In a recent dispute, International Transport Intermediaries Club (ITIC) helped a naval architect to successfully reduce the level of a claim by a shipbuilder for damages and loss of profits following the sinking of a hydrographic survey vessel which was deemed to be unstable.
The naval architect was appointed by the builder to approve the vessel’s design and stability in accordance with prescribed standards. The naval architect surveyed the vessel, conducted a stability test, and issued the necessary certificates of compliance, confirming that the vessel conformed to the relevant standards.
The vessel was then put through sea trials during which it capsized, resulting in significant damage. The buyer rejected the vessel and ended discussions about the possible purchase of a number of other vessels from the same builder.
Following the capsize, the buyer and the relevant maritime safety authority commissioned separate reports from two other naval architects, who both deemed that the vessel did not meet the required standards.
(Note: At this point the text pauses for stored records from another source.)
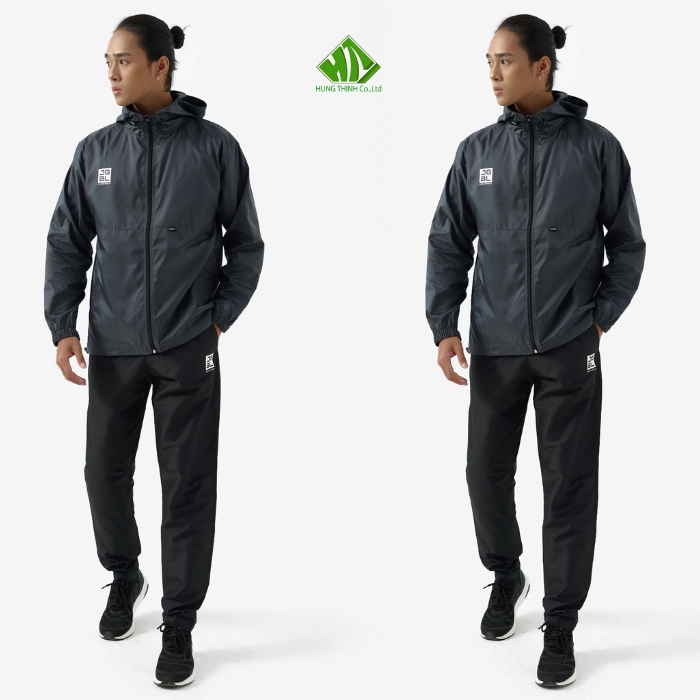 Ao khoac gio the thao mau xam den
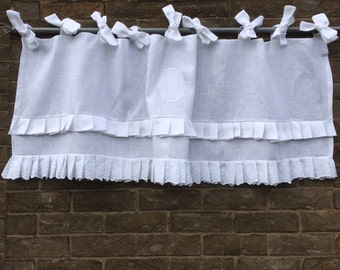 Tie up Lace Curtains White French Curtains Shabby Chic Hand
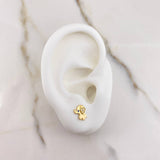 Stud Earrings Elephant 1.05gr / White Blue Zircons Yellow Gold &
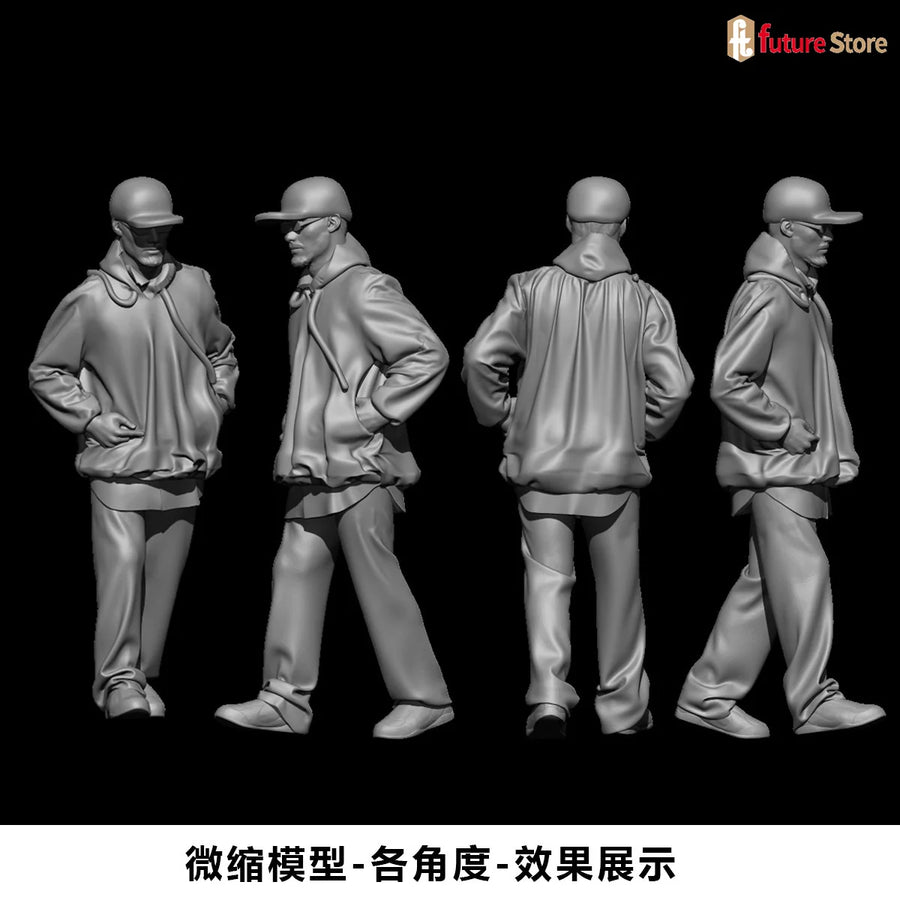 Modern Bearded Male Photographer 1/64 Resin Figure Kit - 1/64 resin model view 2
The builder brought a claim against the naval architect for approximately $2m, representing direct losses allegedly suffered as a result of the incident and a large loss of profits claim in respect of the buyer’s decision not to have further vessels built.
After proceedings were issued, the parties agreed to conduct a repeat of the stability test, which showed the vessel to be unstable and confirmed that compliance certificates should not have been issued. After negotiation, the claim was ultimately settled for $250,000. This reduced settlement was achieved because the builder was unable to provide evidence that further build contracts would have been placed.